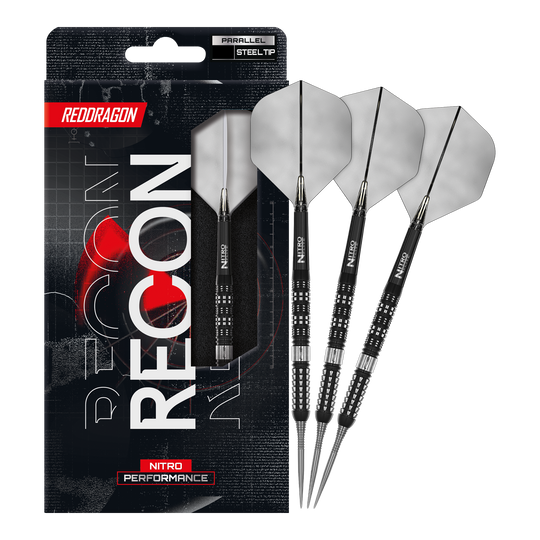 Auf diesem Bild erkennt man die Red Dragon Recon Parallel Steeldarts in voller Länge. Diese Darts sind für eine gleichmäßige Wurfbalance bekannt.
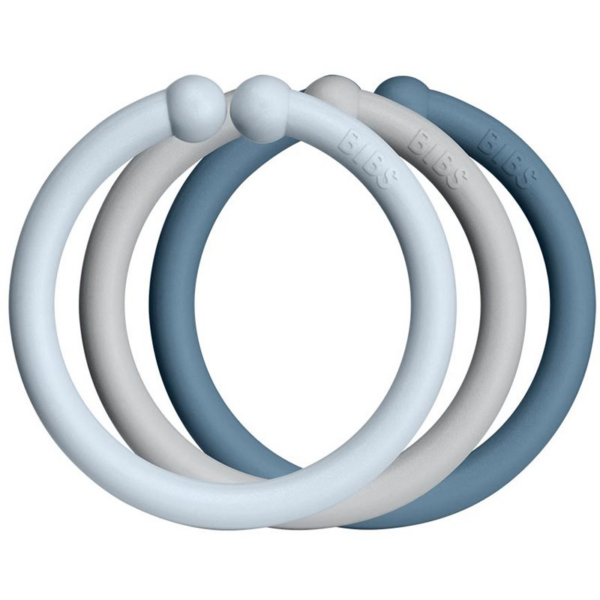 BIBS Loops akasztókarikák Baby Blue / Cloud / Petrol 12 db-Ár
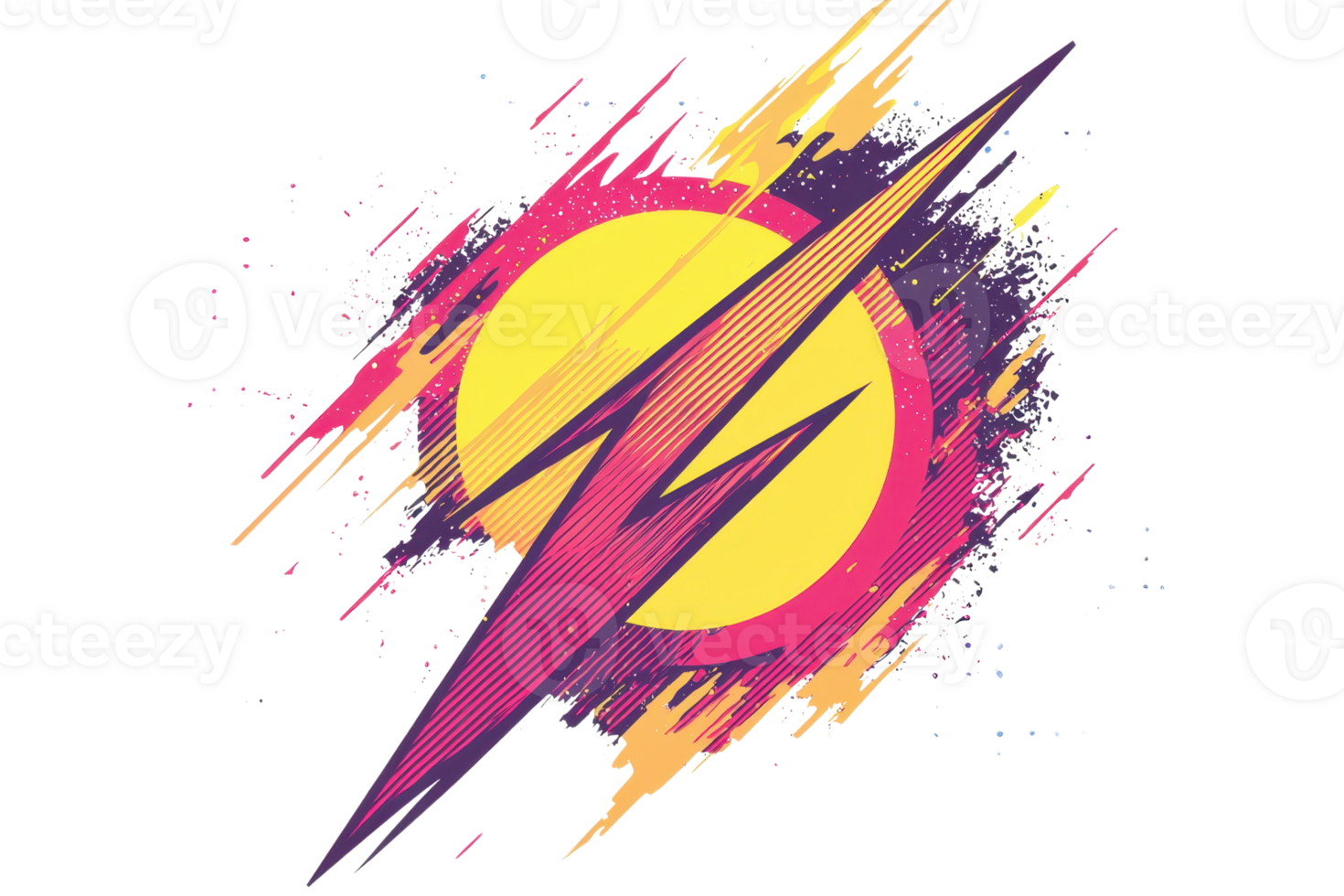 Vibrant abstract lightning bolt design with dynamic lines and bright colors against a bold circular background, showcasing energy and movement. png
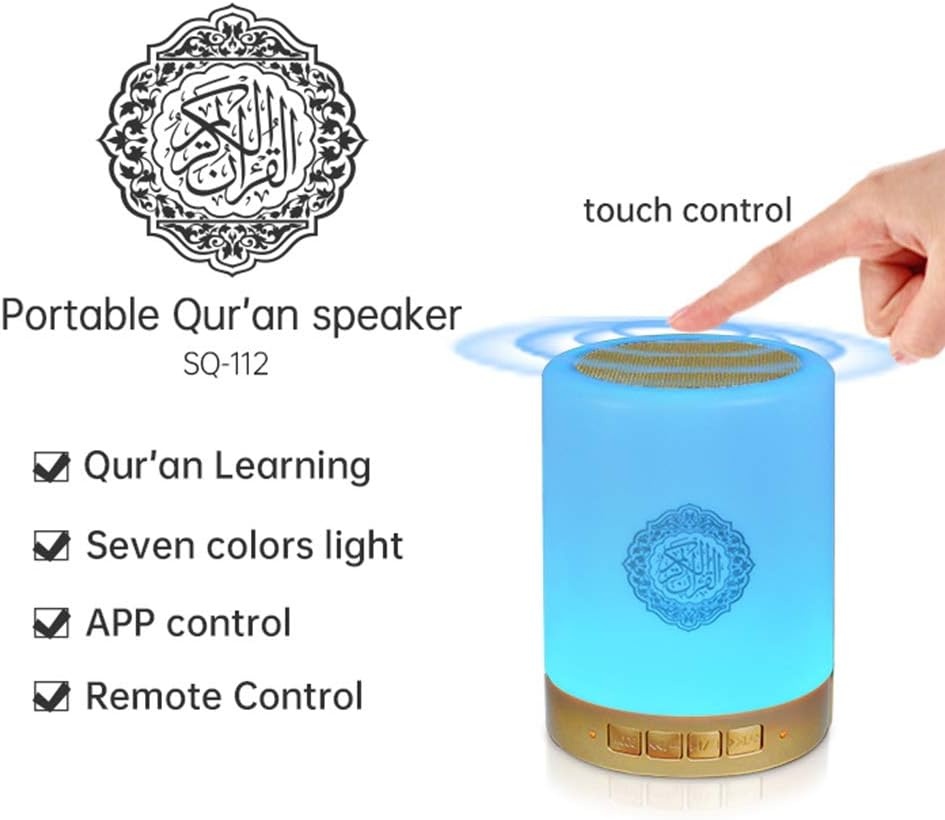 Koran-luidspreker en lamp, draagbare LED Bluetooth-aanraaknachtlamp met afstandsbediening & APP, Bluetooth-luidspreker Azan in vele talen, inclusief Engels en Arabisch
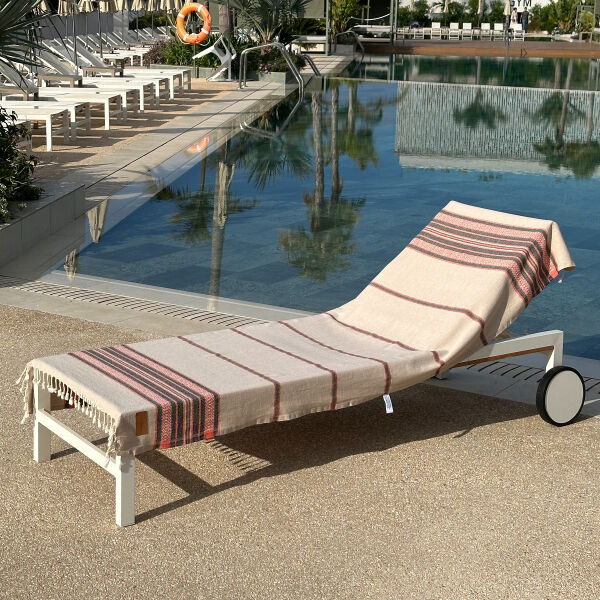 Hamamdoek Coconut  Beige - Orange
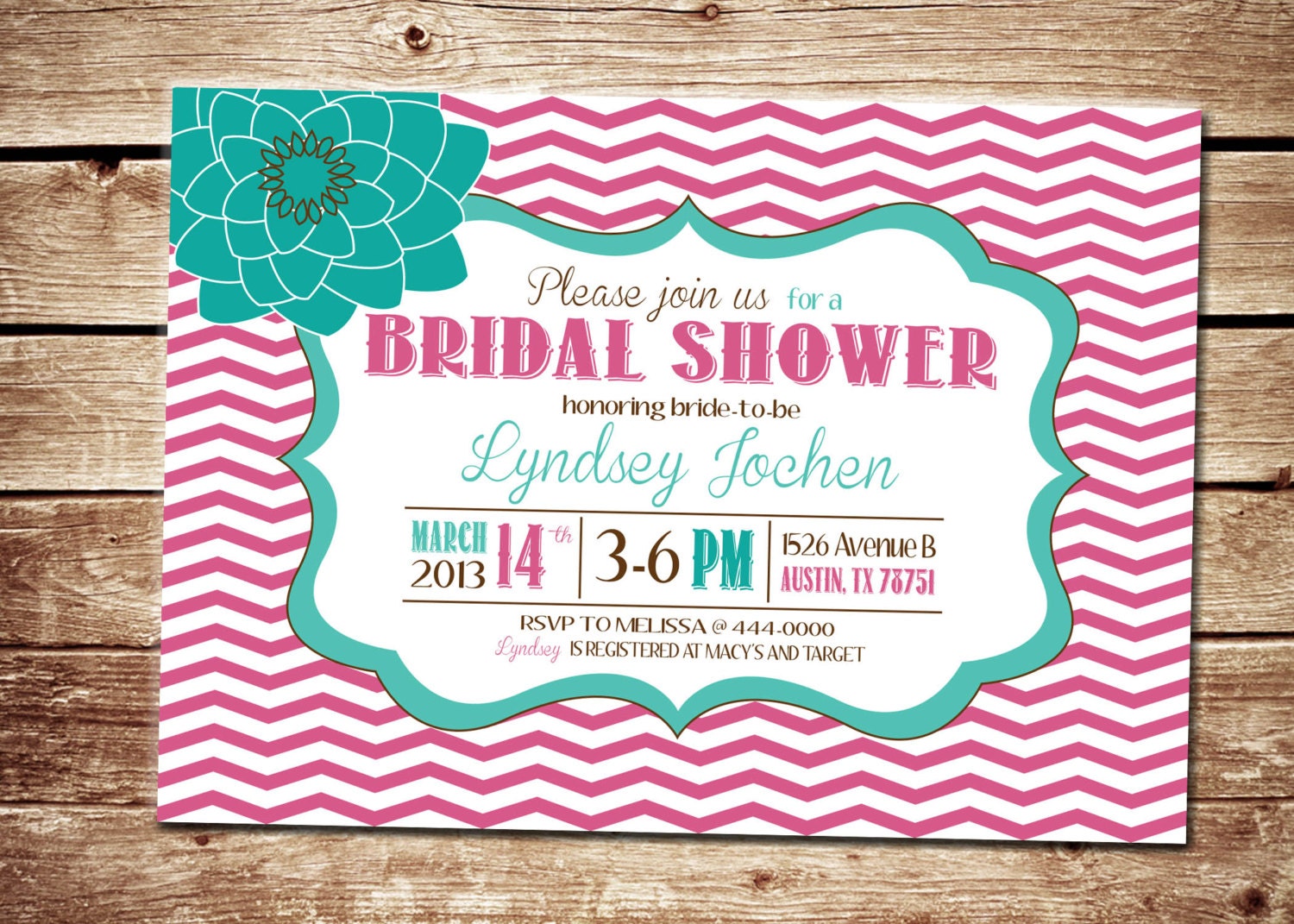 Printable Chevron Bridal Shower Invitation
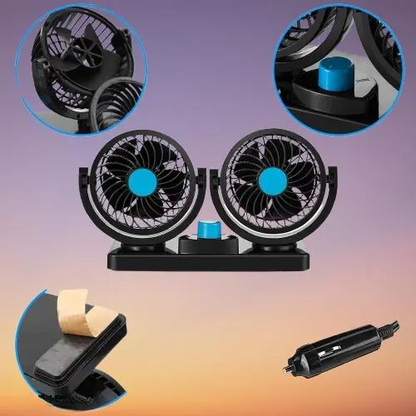 12V Dual Head Car Fan – Powerful 2-Speed Dashboard Cooling with 360° Rotation | Electric Auto Air Circulator for All Vehicles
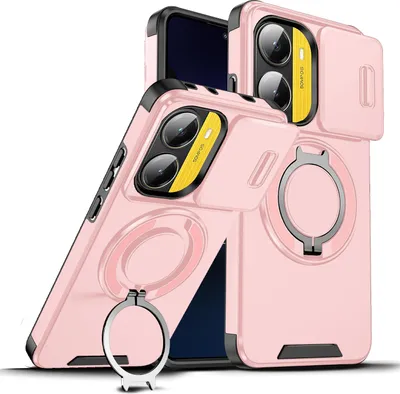 Produktbild von Handyhülle für Xiaomi Poco X7 Pro/Redmi Turbo 4 Dual-Layer Stoßfest Militär Hülle mit Dia Kameraschutz und Magnetisch Ring Ständer Pink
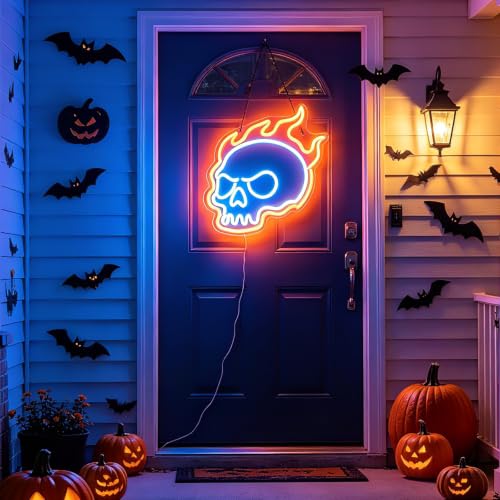 Halloween Neon Sign - Burning Skull with Flame Style B - USB Powered, Dimmable, Easy Mounting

* * * * *

Should a record include a picture, drop the picture and write out the remainder exactly.

* **ANSWER TO THIS PROBLEM**:
 Auf diesem Bild erkennt man die Red Dragon Recon Parallel Steeldarts in voller Länge. Diese Darts sind für eine gleichmäßige Wurfbalance bekannt.
 BIBS Loops akasztókarikák Baby Blue / Cloud / Petrol 12 db-Ár
 Vibrant abstract lightning bolt design with dynamic lines and bright colors against a bold circular background, showcasing energy and movement. png
 Koran-luidspreker en lamp, draagbare LED Bluetooth-aanraaknachtlamp met afstandsbediening & APP, Bluetooth-luidspreker Azan in vele talen, inclusief Engels en Arabisch
 Hamamdoek Coconut  Beige - Orange
 Printable Chevron Bridal Shower Invitation
 12V Dual Head Car Fan – Powerful 2-Speed Dashboard Cooling with 360° Rotation | Electric Auto Air Circulator for All Vehicles
 Produktbild von Handyhülle für Xiaomi Poco X7 Pro/Redmi Turbo 4 Dual-Layer Stoßfest Militär Hülle mit Dia Kameraschutz und Magnetisch Ring Ständer Pink
 Halloween Neon Sign - Burning Skull with Flame Style B - USB Powered, Dimmable, Easy Mounting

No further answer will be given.